Starring Bradley Cooper, Robert De Niro, and Jennifer Lawrence, Silver Linings Playbook is a story about a man trying move forward with his life following a relatively brief stay in a psychiatric institution. I did not know much about the movie prior to seeing it other than it was nominated for Best Picture in 2013. The entertainment value was quite high; great story with wonderful acting. Hats off to Bradley Cooper’s performance. He has proven to me he can do comedy (The Hangover) as well as drama.
Did I think much about the movie afterwards? No, but not in a bad way. It is a romantic comedy that is dramatic; the comedic nature created a lighter fare than what could have been generated if the angle of the movie’s focus was more serious. It did, however, provoke emotion and thoughts as I watched the movie. Silver Linings Playbook was very well done and I hold it to a much higher regard than at least half of the movies nominated for Best Picture that I have seen to date. Would I recommend it to others? Yes, go see it. Would I see it again? Yes, I probably will.
Written and directed by Quentin Tarantino, Django Unchained is a revenge story about a freed slave who bonds with a bounty hunter and the associated quest to emancipate Django’s wife from a Mississippi plantation. So, was I entertained? Did I think much about this movie afterwards? Would I recommend it to others/see it again?

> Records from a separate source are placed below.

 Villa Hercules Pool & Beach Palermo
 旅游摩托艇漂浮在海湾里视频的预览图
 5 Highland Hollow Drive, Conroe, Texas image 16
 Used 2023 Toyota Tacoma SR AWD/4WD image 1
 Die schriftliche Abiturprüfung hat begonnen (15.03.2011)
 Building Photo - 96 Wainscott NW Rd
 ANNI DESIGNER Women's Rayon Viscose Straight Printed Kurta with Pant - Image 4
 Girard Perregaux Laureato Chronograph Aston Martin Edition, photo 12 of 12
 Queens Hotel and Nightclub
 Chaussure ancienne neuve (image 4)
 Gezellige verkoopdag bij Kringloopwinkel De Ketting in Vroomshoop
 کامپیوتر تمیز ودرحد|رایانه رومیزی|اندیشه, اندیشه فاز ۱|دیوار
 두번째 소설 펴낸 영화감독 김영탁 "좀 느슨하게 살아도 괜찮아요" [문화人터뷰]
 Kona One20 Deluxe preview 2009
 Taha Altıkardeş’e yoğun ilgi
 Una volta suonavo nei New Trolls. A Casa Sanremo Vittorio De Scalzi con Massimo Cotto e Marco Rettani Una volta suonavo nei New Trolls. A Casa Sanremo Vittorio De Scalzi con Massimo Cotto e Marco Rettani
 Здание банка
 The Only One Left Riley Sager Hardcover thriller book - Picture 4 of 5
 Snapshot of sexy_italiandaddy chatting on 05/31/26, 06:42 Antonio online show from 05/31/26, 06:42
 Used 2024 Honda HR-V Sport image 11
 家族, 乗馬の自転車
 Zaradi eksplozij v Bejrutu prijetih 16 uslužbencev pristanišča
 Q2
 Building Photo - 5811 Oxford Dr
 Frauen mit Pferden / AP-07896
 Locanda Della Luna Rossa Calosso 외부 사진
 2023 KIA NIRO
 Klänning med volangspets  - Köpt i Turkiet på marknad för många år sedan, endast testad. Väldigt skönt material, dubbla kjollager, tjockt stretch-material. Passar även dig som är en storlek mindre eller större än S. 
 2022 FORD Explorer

This movie was very entertaining, offering quite a few funny lines, a lot of wit, and really good acting by Jamie Foxx, Leonardo DiCaprio, Christoph Waltz and, of course, Samuel L. Jackson. Prior to seeing this movie, I heard a lot of “oh, so much bloodshed”, “oh so violent” and the like. Honestly, it is a Quentin Tarantino movie and that is pretty much expected and was, therefore, not distracting, disturbing, or inappropriate, given the story line.
Did I think about this movie afterwards? Yes, but not in a philosophical way although there are some interesting themes from the 1858 setting of the movie that resonate in present day but that is for you to figure out and decide. I felt that it was $12 well spent and kept recalling several scenes that were simply brilliant and/or funny.
Would I recommend it to others? Absolutely, particularly if you have a sense of humor. Would I see it again? Definitely. I actually want to see it again to hear some of the dialogue that I may have missed first time around. Overall, I loved this movie; however, the one downfall (which seems to be a constant factor in most of Tarantino’s movies) is the apparent struggle Quentin has in cramming maybe one too many story lines in a movie. Given the assumed politics of the Oscars, this particular type of movie MUST be spot on in terms of everything to potentially win Best Picture. Django Unchained could have been in legitimate contention for Best Picture IF the story line would have been more effectively condensed without compromising the entertainment and/or message value of the experience. Having said that, what do I know? I am not an Academy voter but this movie is a close second to Argo after seeing four of the nine nominated movies for Best Picture at this time. Will let you know once I see all nine. If you are on the fence about seeing Django Unchained, go see it. I honestly think, at the very least, you will be entertained.